■ Required work ■
These records contain pictures, which must be left out; copy exactly the lines from the one with "Hi, I'm Mike" up to and including the one with "As an Explore".

■ Data excerpts ■
──────

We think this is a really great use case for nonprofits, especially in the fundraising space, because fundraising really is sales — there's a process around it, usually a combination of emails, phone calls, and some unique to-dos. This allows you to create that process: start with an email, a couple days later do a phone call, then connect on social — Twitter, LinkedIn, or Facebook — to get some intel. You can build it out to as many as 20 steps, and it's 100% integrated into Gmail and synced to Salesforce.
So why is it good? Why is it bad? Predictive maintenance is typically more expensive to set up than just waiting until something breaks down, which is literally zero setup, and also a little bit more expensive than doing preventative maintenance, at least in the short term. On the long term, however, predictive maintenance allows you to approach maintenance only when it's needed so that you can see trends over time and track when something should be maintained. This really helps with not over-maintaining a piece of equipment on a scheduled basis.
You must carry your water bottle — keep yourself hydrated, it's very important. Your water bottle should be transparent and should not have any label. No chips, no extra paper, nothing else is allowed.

──────

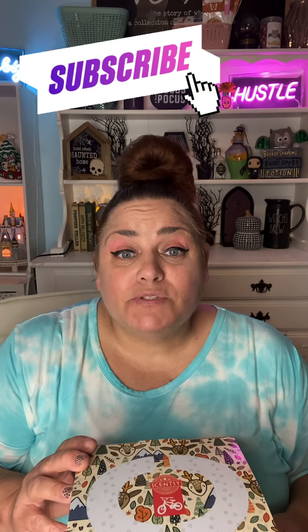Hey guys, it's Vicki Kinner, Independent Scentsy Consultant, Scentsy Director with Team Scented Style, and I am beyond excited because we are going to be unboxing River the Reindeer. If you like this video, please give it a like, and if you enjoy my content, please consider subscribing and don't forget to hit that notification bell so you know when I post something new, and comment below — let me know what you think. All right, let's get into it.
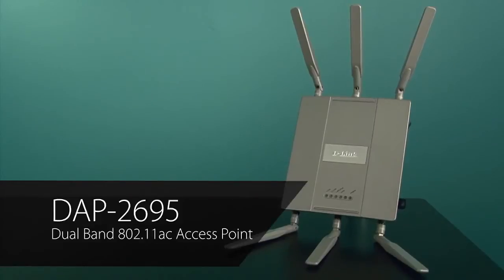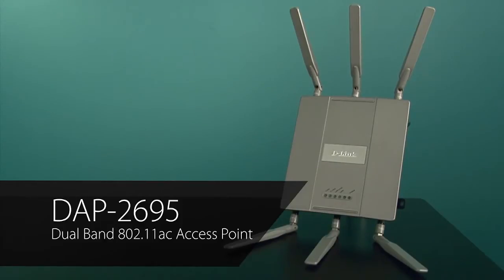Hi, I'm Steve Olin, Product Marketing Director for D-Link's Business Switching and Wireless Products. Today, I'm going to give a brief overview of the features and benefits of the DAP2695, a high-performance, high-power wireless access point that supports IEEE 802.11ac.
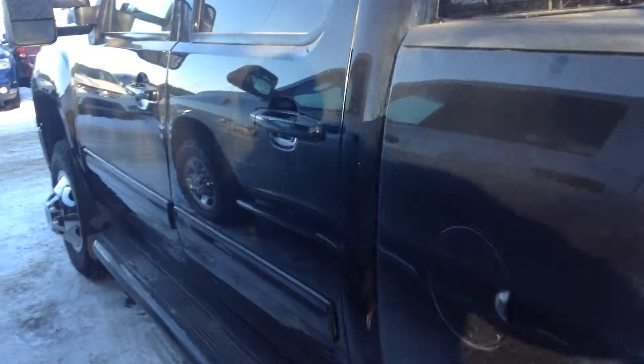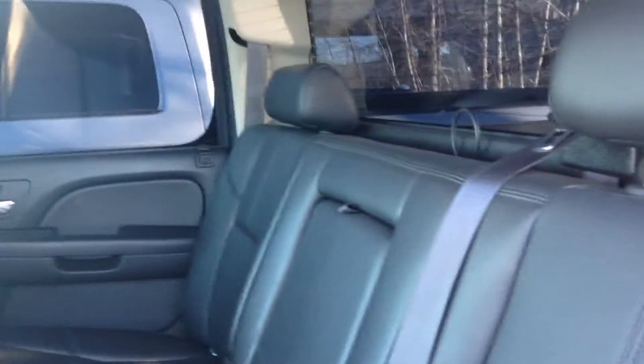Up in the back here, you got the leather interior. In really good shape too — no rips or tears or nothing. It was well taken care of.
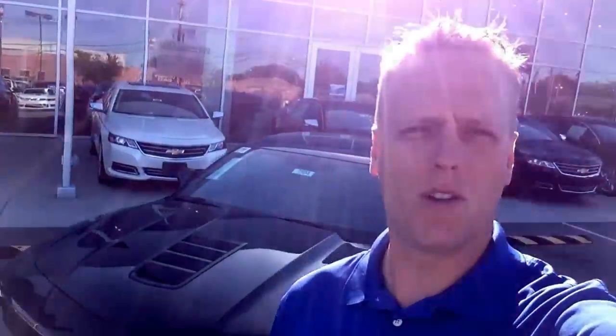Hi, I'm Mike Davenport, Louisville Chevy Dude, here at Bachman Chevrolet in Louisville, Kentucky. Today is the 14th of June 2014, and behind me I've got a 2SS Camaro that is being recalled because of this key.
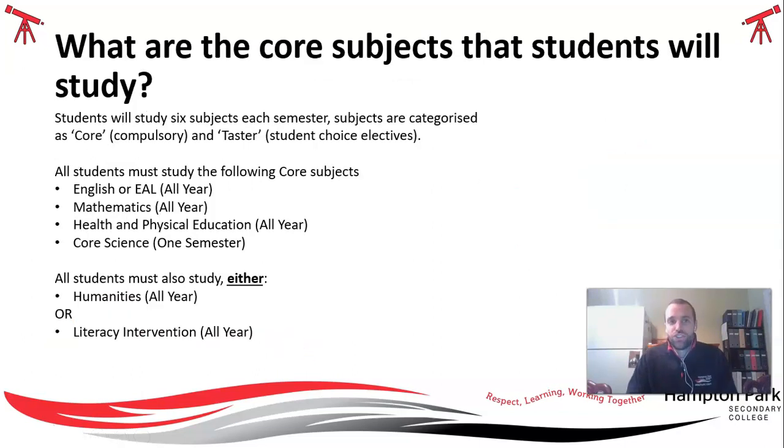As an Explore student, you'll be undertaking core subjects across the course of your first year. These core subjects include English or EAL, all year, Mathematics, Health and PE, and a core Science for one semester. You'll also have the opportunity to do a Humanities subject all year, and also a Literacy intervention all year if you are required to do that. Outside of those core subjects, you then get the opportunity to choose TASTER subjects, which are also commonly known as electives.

──────

■ Solution to the exercise ■
Hi, I'm Mike Davenport, Louisville Chevy Dude, here at Bachman Chevrolet in Louisville, Kentucky. Today is the 14th of June 2014, and behind me I've got a 2SS Camaro that is being recalled because of this key.
As an Explore student, you'll be undertaking core subjects across the course of your first year. These core subjects include English or EAL, all year, Mathematics, Health and PE, and a core Science for one semester. You'll also have the opportunity to do a Humanities subject all year, and also a Literacy intervention all year if you are required to do that. Outside of those core subjects, you then get the opportunity to choose TASTER subjects, which are also commonly known as electives.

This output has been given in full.